Georg von Opel (born 4 May 1966) is a German-born Swiss billionaire. He is the great-grandson of Adam Opel, who founded the German car manufacturer Opel AG, and is an heir to the family fortune. As of 2026, Forbes estimates his net worth at $3.4 billion.

== Early life and education ==
Von Opel was born on 4 May 1966 in Kronberg im Taunus, West Germany to Georg Friedrich Karl Adam von Opel, who was the son of Carl von Opel, and grandson of Adam Opel, and his third wife Ingrid (née Revers; b. 1945).

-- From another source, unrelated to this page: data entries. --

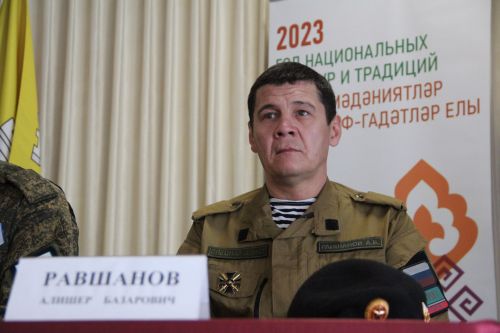 Депутат Госудмы РФ Татьяна Ларионова провела урок мужества в Болгарской школе №1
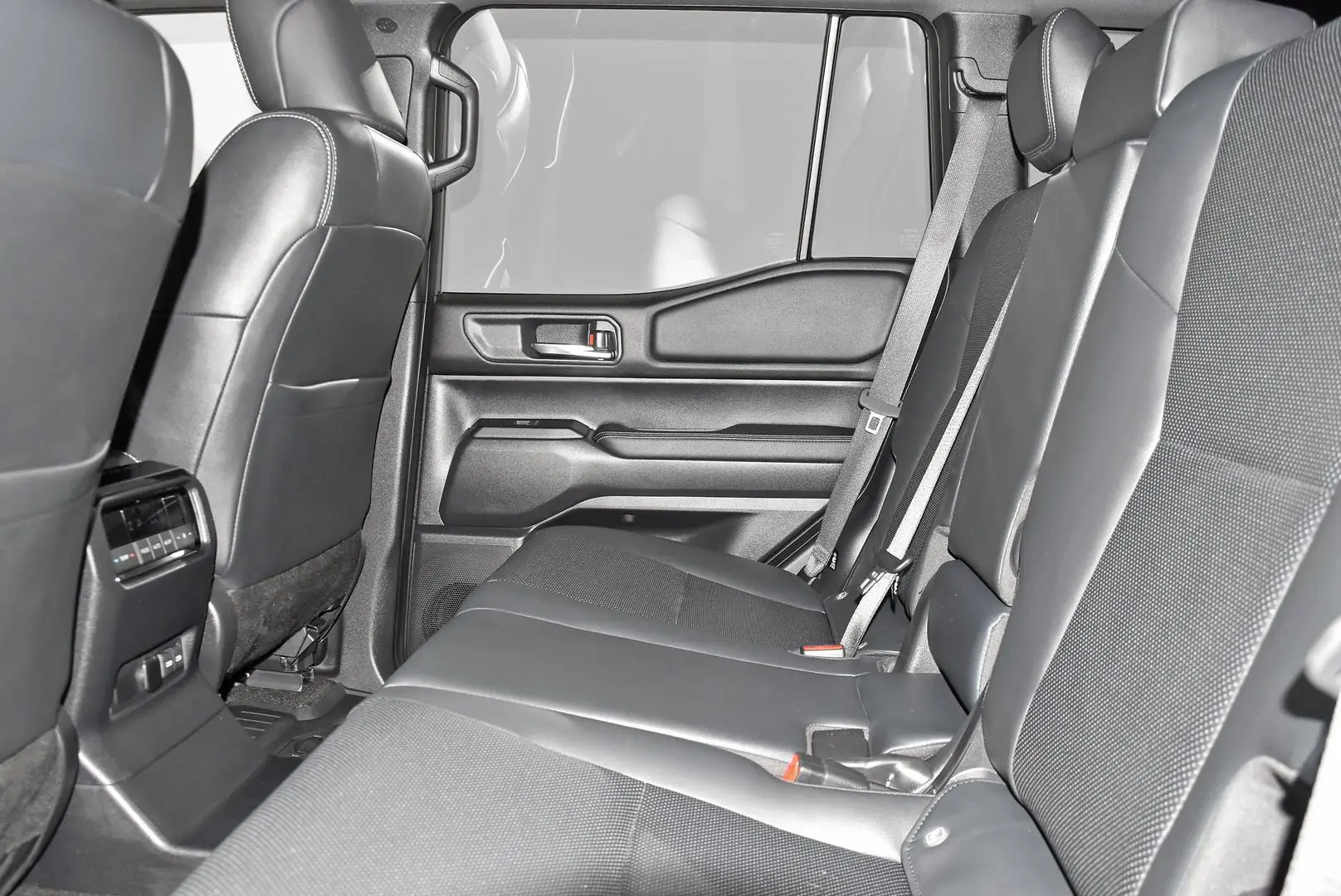 2024 Toyota Landcruiser Prado Gallery Image 19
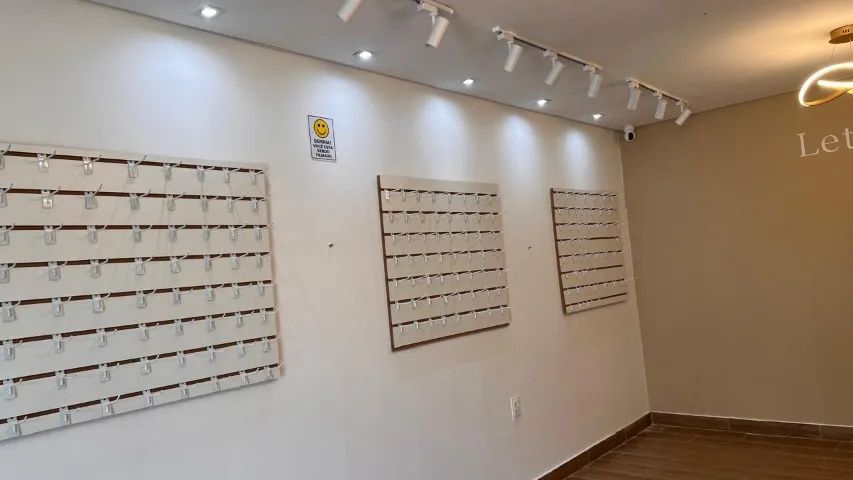 Painel canaletado com pinos para expor produtos - Foto 2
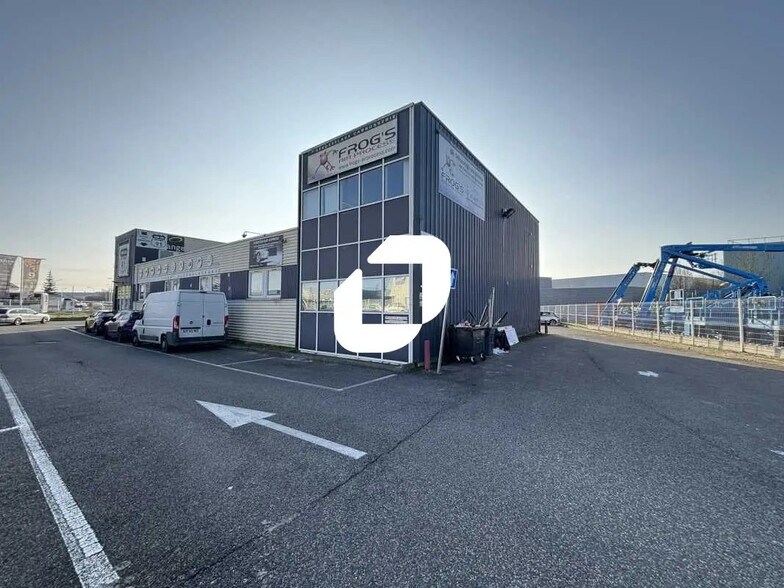 Local d’activités dans Villabé à louer - Photo de l’immeuble – Image 2 sur 15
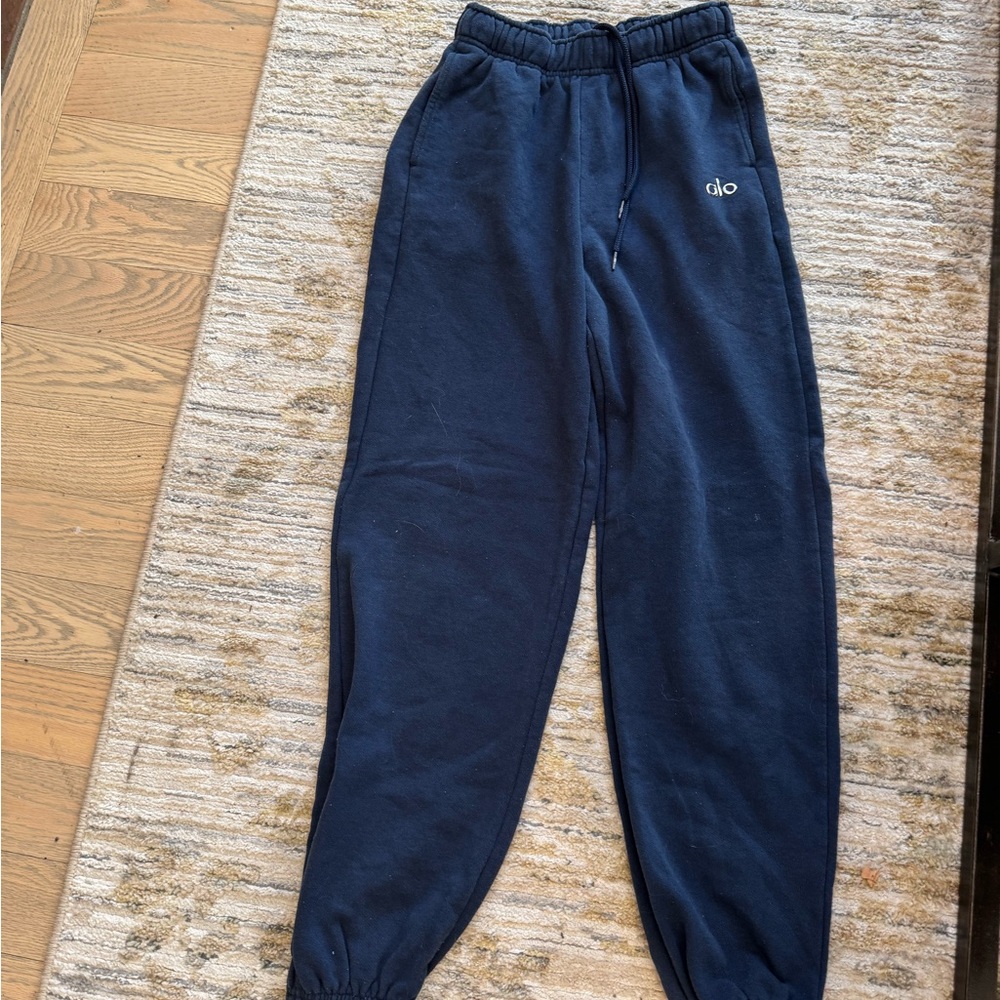ALO accolade navy sweatpants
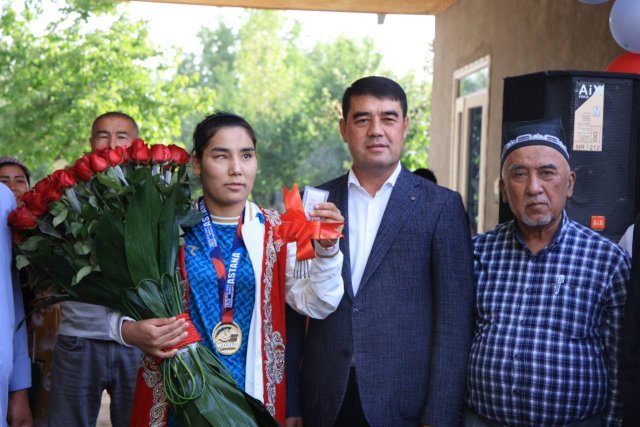 Слепой парадзюдоистке из Узбекистана подарили квартиру в Самарканде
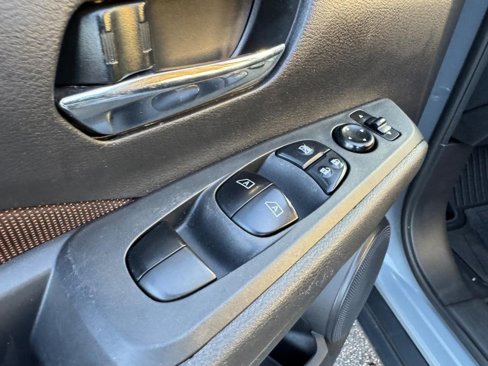Used 2021 Nissan Kicks SR image 25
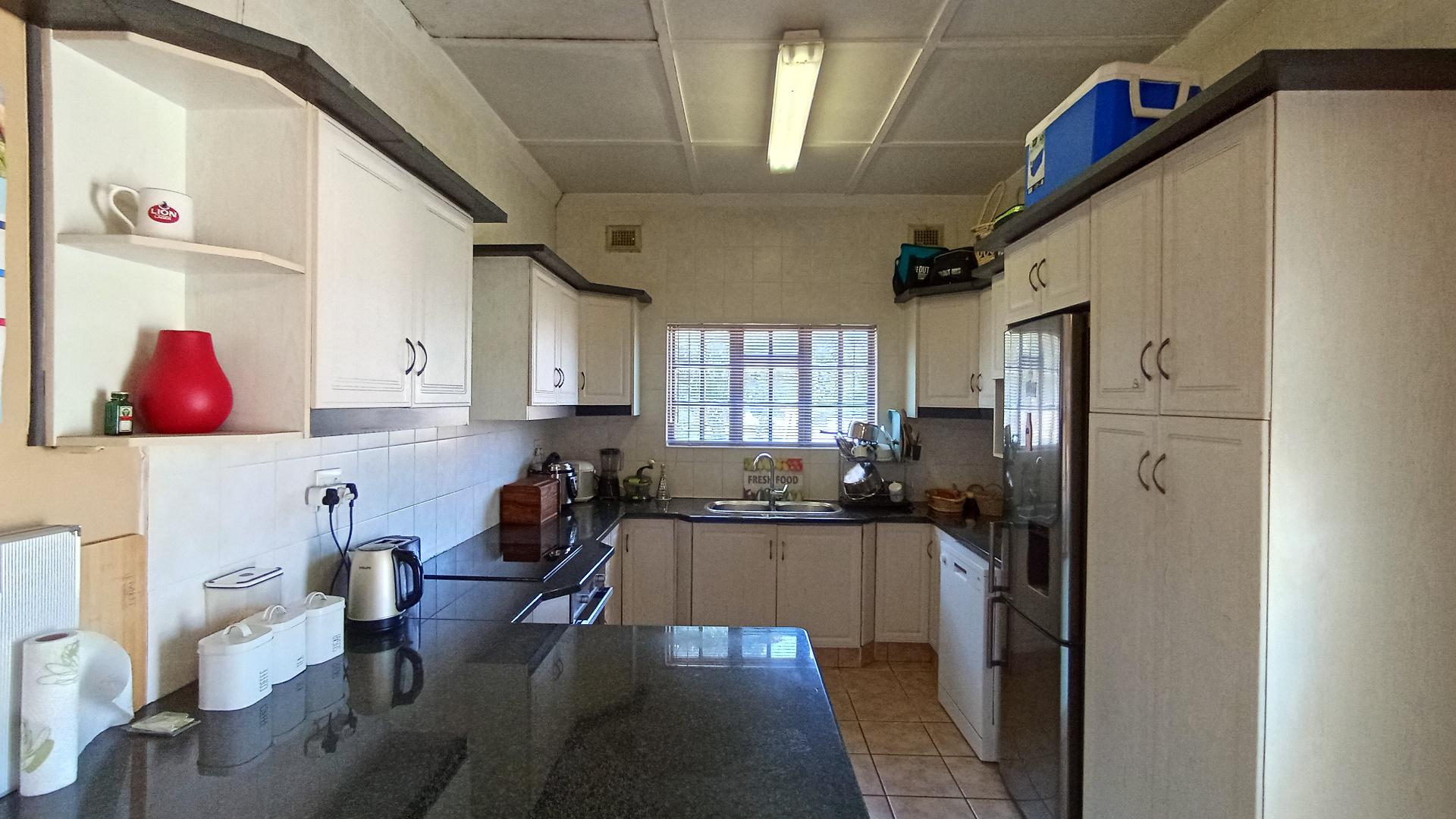 Kitchen - 11 square meters of property in Glenwood - DBN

Since 1973, his family had been a resident of Switzerland and von Opel naturalized in 2014.

He studied economics and business administration at the University of Rhode Island and the American InterContinental University, London.

==Career==
In April 2015, the Sunday Times Rich List estimated his net worth at GBP £1.3 billion. According to the Sunday Times Rich List, this had increased to £1.654 billion in 2020. His wealth primarily comes from Hansa AG, a holding company that invests in listed equities and private-equity funds. von Opel's real estate portfolio includes properties in the south of England, Majorca and the Engadin region in the Swiss Alps.

== Donations ==
von Opel is a major donor to the UK's Conservative Party. Through his foundation, the Georg and Emily von Opel Foundation, he has financially supported Oxford professor Sunetra Gupta who has argued against societal restrictions during the COVID-19 pandemic and was one of the authors of the Great Barrington Declaration.

==Personal life==
Opel lives in Switzerland. He has five children, thereof four with his British-born wife, the former professional tennis player Emily Bond. Opel was born a German citizen, became a Swiss resident in 1973, and a Swiss citizen in 2014.